***** MATERIALS PROVIDED *****

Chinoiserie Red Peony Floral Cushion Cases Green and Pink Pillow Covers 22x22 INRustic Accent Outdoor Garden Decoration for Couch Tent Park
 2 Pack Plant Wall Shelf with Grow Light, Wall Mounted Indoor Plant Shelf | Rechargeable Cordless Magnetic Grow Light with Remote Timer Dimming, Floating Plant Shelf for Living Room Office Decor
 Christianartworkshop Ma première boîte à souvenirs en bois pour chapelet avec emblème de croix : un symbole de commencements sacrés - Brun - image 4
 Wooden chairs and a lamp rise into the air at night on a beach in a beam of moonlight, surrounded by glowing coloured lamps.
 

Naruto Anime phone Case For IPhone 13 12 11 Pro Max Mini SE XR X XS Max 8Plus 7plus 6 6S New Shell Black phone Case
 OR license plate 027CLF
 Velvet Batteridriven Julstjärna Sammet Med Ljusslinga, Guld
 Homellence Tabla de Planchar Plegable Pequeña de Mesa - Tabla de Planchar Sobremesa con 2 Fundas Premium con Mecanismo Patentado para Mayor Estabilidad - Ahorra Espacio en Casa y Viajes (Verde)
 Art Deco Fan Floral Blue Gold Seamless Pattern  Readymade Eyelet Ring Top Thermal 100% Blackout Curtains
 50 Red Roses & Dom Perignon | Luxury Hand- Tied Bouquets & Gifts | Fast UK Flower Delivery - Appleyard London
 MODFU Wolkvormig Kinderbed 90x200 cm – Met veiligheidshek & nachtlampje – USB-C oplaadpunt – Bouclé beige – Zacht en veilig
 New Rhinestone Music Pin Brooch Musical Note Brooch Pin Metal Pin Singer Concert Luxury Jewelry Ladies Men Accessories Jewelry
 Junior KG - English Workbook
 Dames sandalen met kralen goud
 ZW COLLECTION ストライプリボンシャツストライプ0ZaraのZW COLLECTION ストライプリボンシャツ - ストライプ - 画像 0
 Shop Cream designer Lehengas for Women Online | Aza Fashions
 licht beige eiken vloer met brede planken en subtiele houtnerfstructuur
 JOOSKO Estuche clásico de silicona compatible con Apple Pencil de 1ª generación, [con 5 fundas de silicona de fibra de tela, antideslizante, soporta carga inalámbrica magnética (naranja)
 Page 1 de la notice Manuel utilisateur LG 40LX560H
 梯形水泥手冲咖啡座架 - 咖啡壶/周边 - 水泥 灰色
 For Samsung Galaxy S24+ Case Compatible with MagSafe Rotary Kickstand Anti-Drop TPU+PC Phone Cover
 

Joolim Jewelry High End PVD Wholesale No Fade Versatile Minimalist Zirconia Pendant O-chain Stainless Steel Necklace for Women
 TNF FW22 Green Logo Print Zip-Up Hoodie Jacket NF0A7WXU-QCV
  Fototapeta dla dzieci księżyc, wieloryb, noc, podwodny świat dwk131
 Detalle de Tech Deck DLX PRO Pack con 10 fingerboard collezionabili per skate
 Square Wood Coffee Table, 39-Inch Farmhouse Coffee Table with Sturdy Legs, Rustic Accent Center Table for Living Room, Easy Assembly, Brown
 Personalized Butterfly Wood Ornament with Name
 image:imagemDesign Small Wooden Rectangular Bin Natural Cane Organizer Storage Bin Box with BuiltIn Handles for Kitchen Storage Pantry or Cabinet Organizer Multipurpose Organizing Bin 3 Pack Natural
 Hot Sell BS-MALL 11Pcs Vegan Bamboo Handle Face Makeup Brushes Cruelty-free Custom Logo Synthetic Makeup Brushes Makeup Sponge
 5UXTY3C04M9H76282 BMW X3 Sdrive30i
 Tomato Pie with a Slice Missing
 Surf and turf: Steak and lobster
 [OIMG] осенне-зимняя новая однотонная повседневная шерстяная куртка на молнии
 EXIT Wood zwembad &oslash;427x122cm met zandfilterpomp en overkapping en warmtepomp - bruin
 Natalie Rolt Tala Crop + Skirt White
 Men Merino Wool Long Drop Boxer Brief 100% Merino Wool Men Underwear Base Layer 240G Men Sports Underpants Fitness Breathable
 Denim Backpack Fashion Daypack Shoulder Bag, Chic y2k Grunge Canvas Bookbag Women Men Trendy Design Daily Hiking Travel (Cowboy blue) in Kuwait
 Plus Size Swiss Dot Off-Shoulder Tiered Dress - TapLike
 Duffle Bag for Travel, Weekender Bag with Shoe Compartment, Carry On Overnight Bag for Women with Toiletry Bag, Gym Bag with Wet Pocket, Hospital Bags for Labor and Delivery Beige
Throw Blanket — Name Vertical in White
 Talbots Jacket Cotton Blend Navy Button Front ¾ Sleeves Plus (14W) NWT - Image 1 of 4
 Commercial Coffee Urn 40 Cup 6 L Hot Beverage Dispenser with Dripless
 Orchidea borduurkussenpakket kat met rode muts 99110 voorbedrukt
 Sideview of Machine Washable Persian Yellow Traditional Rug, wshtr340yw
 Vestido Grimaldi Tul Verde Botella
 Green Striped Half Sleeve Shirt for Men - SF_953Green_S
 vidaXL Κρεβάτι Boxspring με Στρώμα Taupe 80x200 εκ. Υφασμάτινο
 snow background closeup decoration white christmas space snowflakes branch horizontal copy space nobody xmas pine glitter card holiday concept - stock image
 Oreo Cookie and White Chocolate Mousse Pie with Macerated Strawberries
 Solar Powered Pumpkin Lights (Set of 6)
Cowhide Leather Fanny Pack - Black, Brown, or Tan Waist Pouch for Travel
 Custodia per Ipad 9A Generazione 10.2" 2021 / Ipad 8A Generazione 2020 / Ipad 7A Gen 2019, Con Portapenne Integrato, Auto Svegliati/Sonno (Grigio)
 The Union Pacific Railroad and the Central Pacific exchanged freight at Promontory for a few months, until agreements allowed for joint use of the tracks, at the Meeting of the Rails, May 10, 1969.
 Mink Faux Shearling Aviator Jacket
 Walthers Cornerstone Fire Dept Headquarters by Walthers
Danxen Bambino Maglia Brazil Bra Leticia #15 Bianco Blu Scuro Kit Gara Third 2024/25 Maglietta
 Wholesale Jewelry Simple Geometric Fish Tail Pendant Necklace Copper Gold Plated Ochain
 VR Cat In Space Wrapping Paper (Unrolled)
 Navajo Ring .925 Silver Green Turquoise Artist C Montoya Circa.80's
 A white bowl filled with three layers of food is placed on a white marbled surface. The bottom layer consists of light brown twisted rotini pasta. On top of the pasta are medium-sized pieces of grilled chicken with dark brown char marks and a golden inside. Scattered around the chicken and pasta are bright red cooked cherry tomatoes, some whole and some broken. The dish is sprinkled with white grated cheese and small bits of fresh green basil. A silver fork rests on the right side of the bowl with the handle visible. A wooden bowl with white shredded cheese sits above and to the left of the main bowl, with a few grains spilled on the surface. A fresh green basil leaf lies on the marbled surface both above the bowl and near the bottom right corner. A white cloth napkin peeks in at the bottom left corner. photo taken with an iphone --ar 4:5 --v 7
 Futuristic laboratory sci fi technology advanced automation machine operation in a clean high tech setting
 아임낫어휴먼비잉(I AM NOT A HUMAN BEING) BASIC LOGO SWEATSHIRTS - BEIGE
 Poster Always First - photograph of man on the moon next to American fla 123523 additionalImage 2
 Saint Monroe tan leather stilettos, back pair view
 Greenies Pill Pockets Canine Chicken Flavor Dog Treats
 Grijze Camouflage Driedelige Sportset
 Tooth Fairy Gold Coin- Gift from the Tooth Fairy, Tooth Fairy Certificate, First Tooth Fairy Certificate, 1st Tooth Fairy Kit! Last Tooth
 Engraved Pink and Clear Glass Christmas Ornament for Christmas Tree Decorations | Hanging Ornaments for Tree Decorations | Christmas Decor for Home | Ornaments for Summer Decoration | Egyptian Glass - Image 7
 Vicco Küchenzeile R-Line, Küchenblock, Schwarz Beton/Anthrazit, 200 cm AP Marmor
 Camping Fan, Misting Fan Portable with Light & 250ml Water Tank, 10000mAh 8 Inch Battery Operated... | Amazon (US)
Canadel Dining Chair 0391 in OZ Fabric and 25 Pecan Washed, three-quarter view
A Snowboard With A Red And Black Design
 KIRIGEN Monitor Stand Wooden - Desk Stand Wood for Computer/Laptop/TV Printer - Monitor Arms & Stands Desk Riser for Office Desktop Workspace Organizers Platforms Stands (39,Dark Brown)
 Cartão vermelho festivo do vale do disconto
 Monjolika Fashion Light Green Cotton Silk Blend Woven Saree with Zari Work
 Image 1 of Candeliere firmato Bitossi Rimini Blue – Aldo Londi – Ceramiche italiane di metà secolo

*****

Write out, from the lines above, only those from the line with "Greenies Pill Pockets" to the line with "Canadel Dining Chair", exactly as given, including the first and the last.

OUTPUT OF THE EXERCISE |
 Greenies Pill Pockets Canine Chicken Flavor Dog Treats
 Grijze Camouflage Driedelige Sportset
 Tooth Fairy Gold Coin- Gift from the Tooth Fairy, Tooth Fairy Certificate, First Tooth Fairy Certificate, 1st Tooth Fairy Kit! Last Tooth
 Engraved Pink and Clear Glass Christmas Ornament for Christmas Tree Decorations | Hanging Ornaments for Tree Decorations | Christmas Decor for Home | Ornaments for Summer Decoration | Egyptian Glass - Image 7
 Vicco Küchenzeile R-Line, Küchenblock, Schwarz Beton/Anthrazit, 200 cm AP Marmor
 Camping Fan, Misting Fan Portable with Light & 250ml Water Tank, 10000mAh 8 Inch Battery Operated... | Amazon (US)
Canadel Dining Chair 0391 in OZ Fabric and 25 Pecan Washed, three-quarter view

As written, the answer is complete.